Antes de mais nada, inflação é um aumento persistente, generalizado e assincrônico de preços. Destaque, nesse aspecto, para o termo em negrito. O Índice Nacional de Preços ao Consumidor Amplo (IPCA) é composto atualmente por 373 bens e serviços. Eventualmente, um ou outro item dessa lista pode sofrer um aumento anormal, provocado por evento atípico. Foi o caso, por exemplo, do tomate e da batata inglesa em março, com elevações respectivas de 32,85% e 35,05%. A contribuição somada desses dois itens para o índice mensal foi de 16%. Alto, mas de rápida dissipação, dado que o ciclo de produção desses bens é curto.
A alta desses e de outros alimentos está sendo causada pela estiagem do verão brasileiro e da alta de algumas commodities no mercado externo. Dada a defasagem, só agora percebe-se o efeito nos índices ao consumidor. O problema, entretanto, não é o comportamento de alguns preços, mas da média dos bens e serviços ao longo do tempo. Para colocar esse aspecto em relevo, os economistas costumam trabalhar com núcleos de inflação, que excluem altas e reduções muito atípicas, bem como excluem preços que geram maior volatilidade no índice cheio, como alimentos.

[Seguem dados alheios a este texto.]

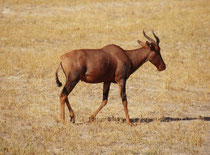 Eine Leierantilope der Art Tsessebe (Deutsch: Sassaby) (Damaliscus lunatus) (Moremi)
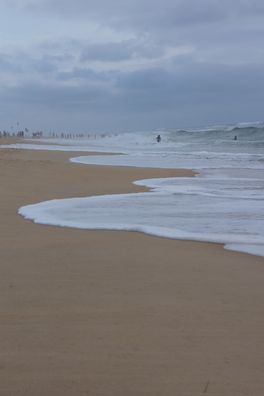 DSC01112_1000x667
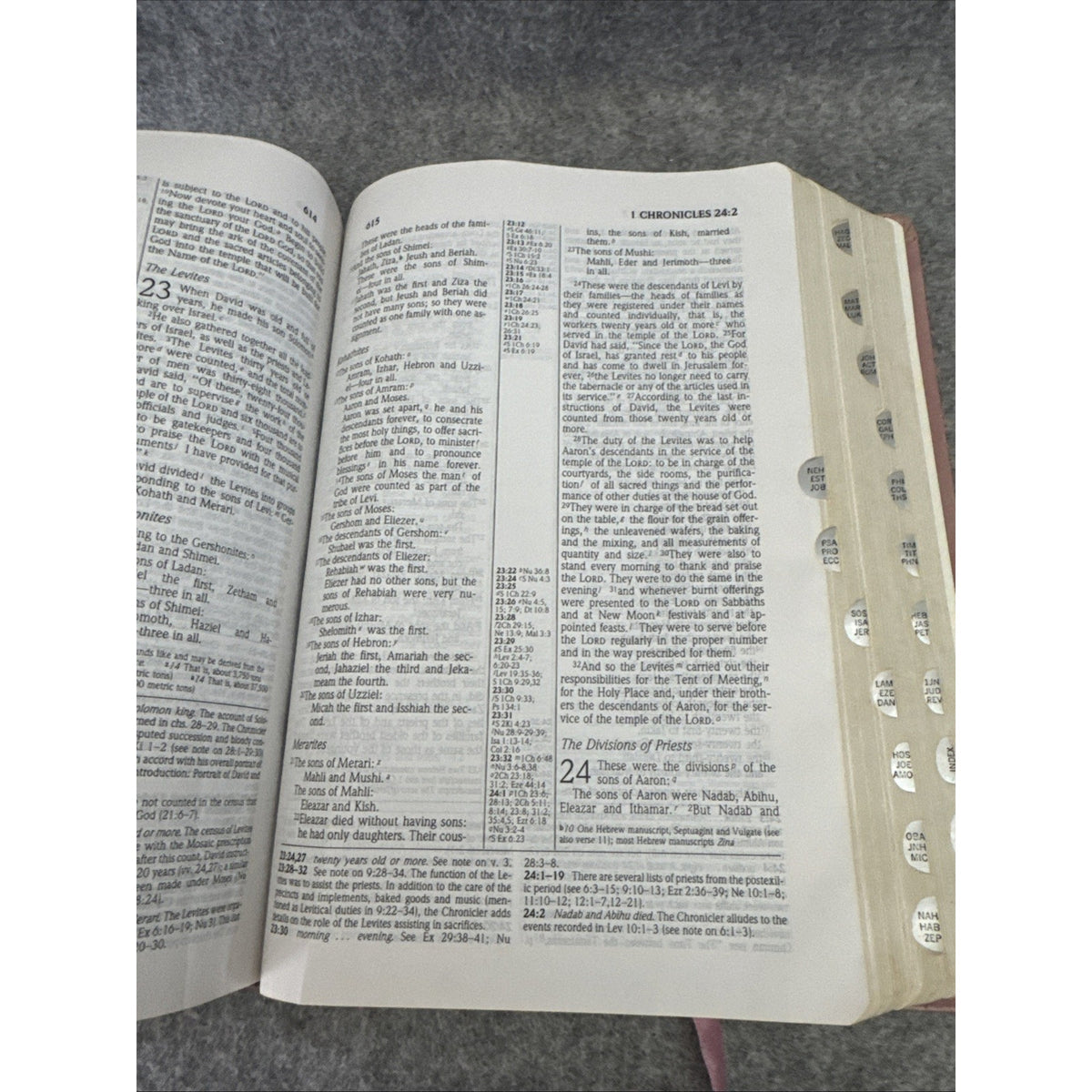 The Study Bible: New International Version/Tea Rose Bonded Leather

O Brasil possui cinco medidas de núcleos. Para não ser acusado de privilegiar essa ou aquela medida, o gráfico acima ilustra o comportamento da média desses núcleos. Como se percebe no círculo em destaque, em março do ano passado a média foi de 6,14%, enquanto em março desse ano foi de 6,45%. Em outros termos, acaso retiremos pressões adversas e localizadas em alguns preços, ainda assim, a média dos núcleos é maior do que o próprio índice cheio, que esteve em 6,15% em março. Isto se explica porque os chamados preços monitorados têm se mantido muito aquém da média histórica, dada a interferência do governo no controle direto desses produtos.
Em assim sendo, leitor, me parece não apenas equivocado, mas de uma sordidez extrema a declaração oficial de que a inflação atual é fruto apenas de choques localizados, que logo se dissiparão. A inflação, medida pelos núcleos, têm se mantido muito acima da meta ao longo de vários períodos. É justamente por isso que a expectativa média do mercado encontra-se igualmente acima do centro da meta. E assim ficará até que a política econômica volte a ser séria. E o tomate, coitado, nada tem a ver com isso.